GENIUS was signed into law on Friday and marks the first time we have seen actual US federal legislation on crypto. But GENIUS and Clarity are far from perfect, and they even make crypto advocates shudder. Several critics rightfully question why NFTs, airdrop tokens and DeFi applications are exempt from Clarity’s rules. Others ask why FDIC insurance isn’t mandated for stablecoins or why interest-bearing stablecoins are prohibited.

Overall, these bills made me feel more meh than excited! There is still a long way to go as Clarity and the Anti-CBDC bill make their way through the Senate.

Around the world in Stablecoins.

Gnosis partners with Noah

Gnosis has partnered with Noah to provide virtual USD accounts, real-time stablecoin-to-fiat conversions, and cross-border payments in over 70 countries.

Ripple is one of the few crypto companies that have fought regulators and won.
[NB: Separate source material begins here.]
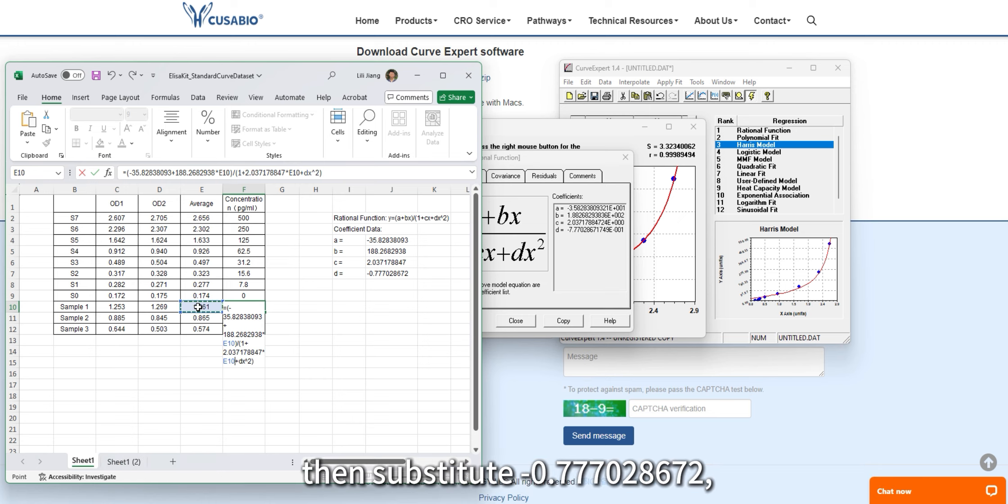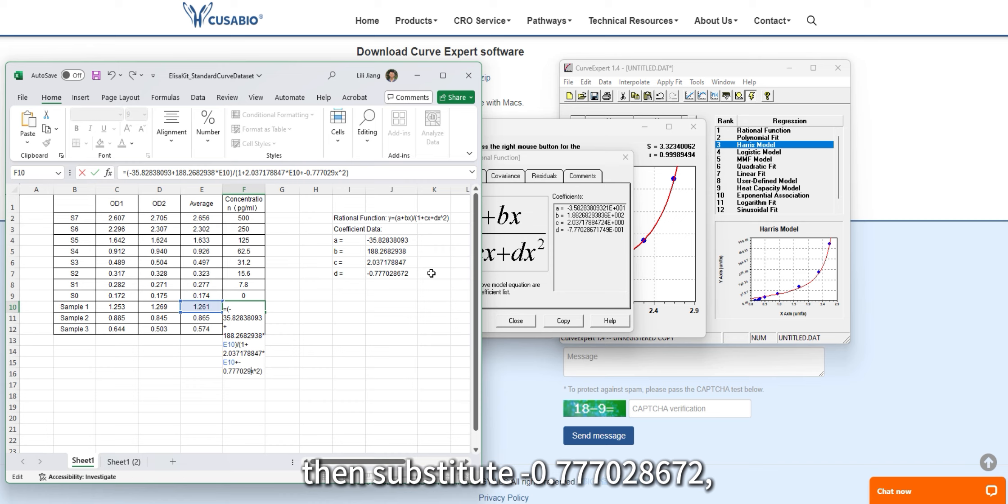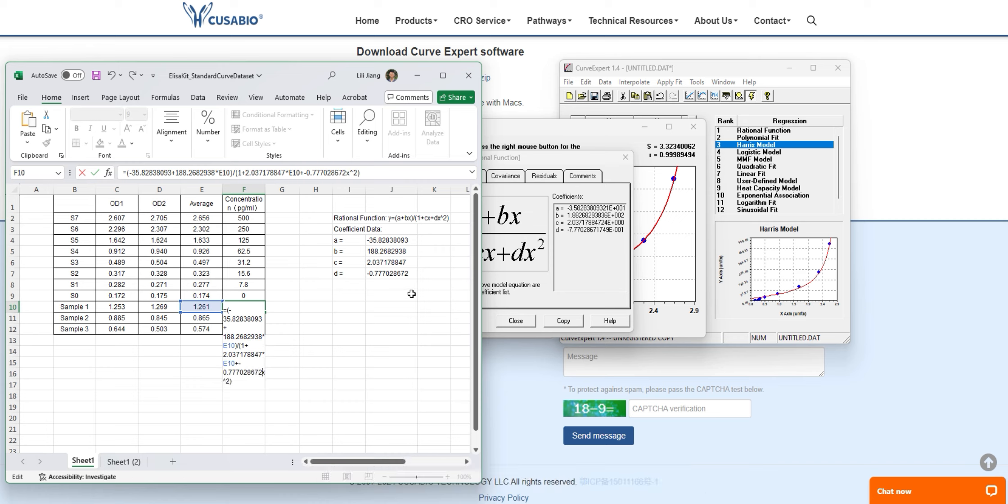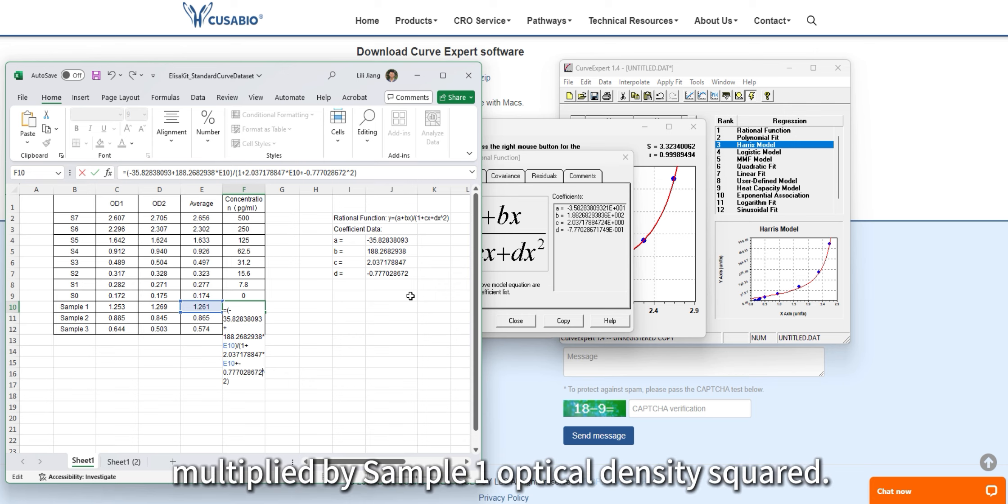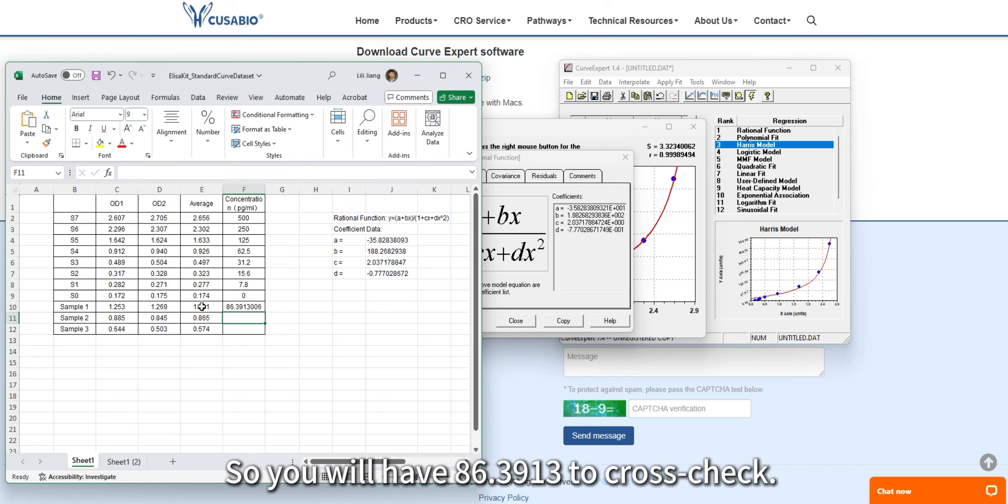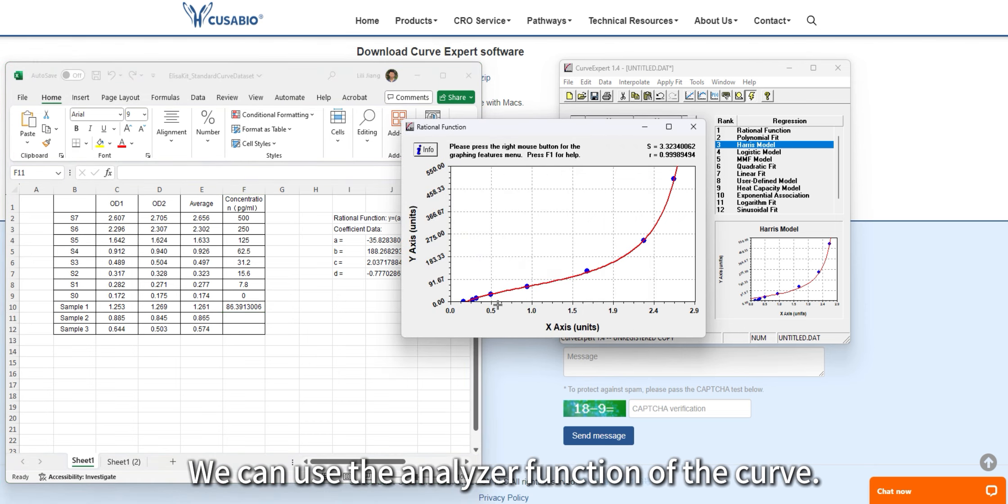Then substitute D: minus 7.786672 multiplied by sample 1 optical density squared. So you'll have 86.3913 to cross-check.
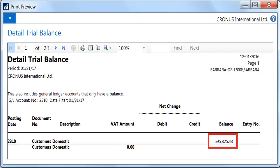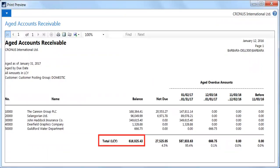Few things are more frustrating than when the total of the subsidiary ledger does not tie out to your control account in the chart of accounts. This screenshot illustrates the scenario where for account 2310, Customers Domestic, the balance does not agree to the aged accounts receivable report. When the detailed trial balance is printed as of January 31, 2017, account 2310 shows a balance of $595,825.43; however, the aged accounts receivable report as of the same date for the domestic customer posting group shows $616,025.43 — a difference of $20,200 that must be researched and resolved before closing the books.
The company’s wins have energized it and it’s now aiming for the moon.

Standard Chartered says stablecoins overshadowed bitcoin in discussions.

Standard Chartered has reaped massive rewards from backing Zodia Custody and being one of the early banks to support crypto. They strike me as a firm that’s willing to take risks while being regulatory compliant.

Everyone in the industry is rooting for Tether’s legal and compliance teams at this point. USDT’s compliance will be a massive deal for the industry.

There’s almost nothing to lose from exchanges joining new stablecoin networks. They get to earn revenue and provide liquidity if traders engage. There’s no downside to accepting new stablecoins to your platform - especially if you benefit from reduced fee agreements.